Every day, you’re just rushing through your to-do list,
toggling from one checkbox to the next until they’re all ticked.
Your days are always ‘busy’.
Looking at your calendar makes you feel heavy
and you never have time to do what you enjoy most anymore.
There’s no longer any empty space and time filling up pockets of your days,
nor any room for you to be freely breathing and freshly puffing.
You have so
many things to do, and all of which you wish to do perfectly.
If this speaks to you, then it’s time you pause.
If this speaks to you, then you were in the exact space I was in just a month ago.
And if this speaks to you, this is what I wish to say to you, which I’m still constantly reminding myself of too.
here goes;
It’s okay to ‘not’.
It’s okay not to be who your parents want you to be, or who you thought your parents might want you be.
I was striving to fit into the mould of the kind of daughter I believed my parents deserved; super girl who brings home lots of money, takes care of their house loan and retirement, capably securing the kind of job they would be proud to boast of to their friends. But in a recent vulnerable conversation, they revealed to me that all those were bonuses, and they never needed nor really ever wanted that of me.
It’s okay not to be who you always thought you should be.
Growing up, I conditioned myself to always have to be the most hardworking bee in the hive. I had to be hardworking, because I had this fuckedup mindset that I’m already ‘less’, so I have to work hard to ‘compensate’ and ‘match up to others’. If I wanted to be appreciated by someone, I had to be the ‘nice one’; tolerant even when I don’t enjoy someone’s presence, accepting people even when they do things that aren’t respectful or kind to me, and being understanding of every single action that my partner does. These ‘standards’ I created for myself have stayed and stuck with me through the years. They’ve become so familiar that it’s hard to let them go. It’s hard to tell myself that these are ‘wrong’, that these standards I kept myself to have to go, and that it’s time to create for myself new standards that serve me.
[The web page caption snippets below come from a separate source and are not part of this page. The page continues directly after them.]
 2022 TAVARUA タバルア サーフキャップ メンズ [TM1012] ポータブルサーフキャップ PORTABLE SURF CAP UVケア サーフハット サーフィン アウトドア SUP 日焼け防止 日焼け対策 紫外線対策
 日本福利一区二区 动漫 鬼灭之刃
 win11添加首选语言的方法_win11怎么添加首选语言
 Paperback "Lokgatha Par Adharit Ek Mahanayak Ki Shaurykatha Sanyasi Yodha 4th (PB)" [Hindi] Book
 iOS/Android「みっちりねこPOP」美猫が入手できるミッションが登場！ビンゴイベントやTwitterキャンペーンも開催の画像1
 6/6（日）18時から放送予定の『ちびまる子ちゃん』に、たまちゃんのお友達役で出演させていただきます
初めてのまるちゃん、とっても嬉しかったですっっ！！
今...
It’s okay not to do everything,
We get so caught up in playing catchup with those who ‘made it’ in life, thinking that we ought to be hustlin. Owning many commitments. Completing many things in a single day. Clocking in a list of productive tasks every 24 hours. Have work constantly on our minds. We get sucked into the race, my friends. It’s okay not to do everything. You’re not a effective productive factory that looks like a human; you’re a living, feeling human who deserves to honour your own set of priorities.
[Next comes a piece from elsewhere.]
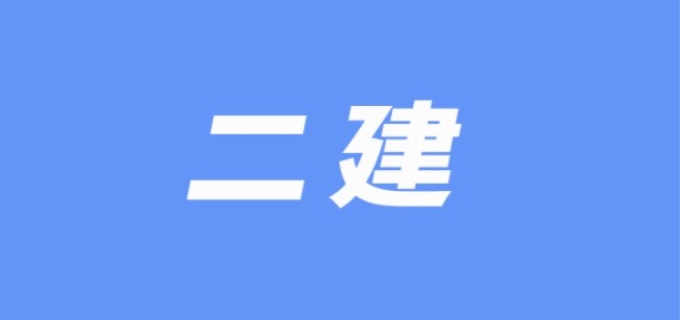 二建市政考哪几门科目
nor be there for everyone.
You and me, we already have lots on our plate. Adulting is a balancing act of increasing commitments. Our social circle also shifts and grows. We can’t afford to constantly take care and give love to every one, in the same way we could when we were younger. The definition of friendship and love has to adult alongside us too; as much as we should choose only the priorities when it comes to tasks, the same goes for the people we choose to focus on.
And it’s okay to.
It’s okay to only send your energy and attention to where you truly want them to go.
It’s okay to let go of what doesn’t matter as much to you, but matters to someone else.
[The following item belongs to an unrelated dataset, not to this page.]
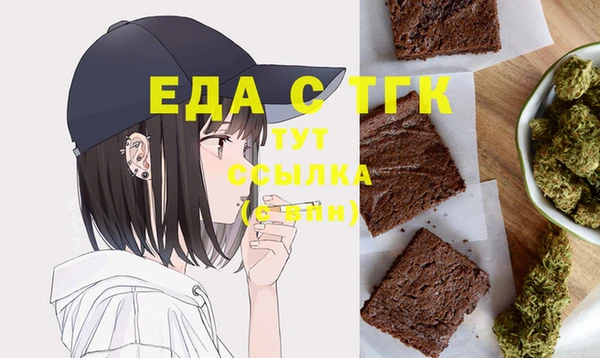стаф Абаза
Parents, societal standards, peers and family, partner. They may have certain dreams for you, goals they would be so happy to see you achieve. That doesn’t mean you have to own them. You don’t have to own those goals and dreams just because it may make them happy. It’s a choice you get to make. Pursue what’s yours, not theirs. If it’s yours at heart, the struggles in the journey you take towards it wouldn’t be as unbearable. If it’s yours at heart, it’ll be a marathon that’s fulfilling and meaningful all on its own.
And most importantly, it’s okay to curate your life. Pick and choose your own set of priorities, and live them out. Live a life coloured in the exact shades and hues you want on your palette, a life that has your heart beating in it not just to survive, but beating for all the love and freedom and fullness you experience simply because you choose you.
Simply because you’re choosing all of what truly matters to you,
and nothing more or less.
In the times where you feel like you are stretched thin,
where you feel like the strings are pulling in too many different directions,
it’s okay to and it’s okay not to.
So, what are your current priorities in your life?
What do you wish to prioritise instead?
If there is a disparity between the first and second question,
then it may be a good time to look at it and ask yourself why it’s different.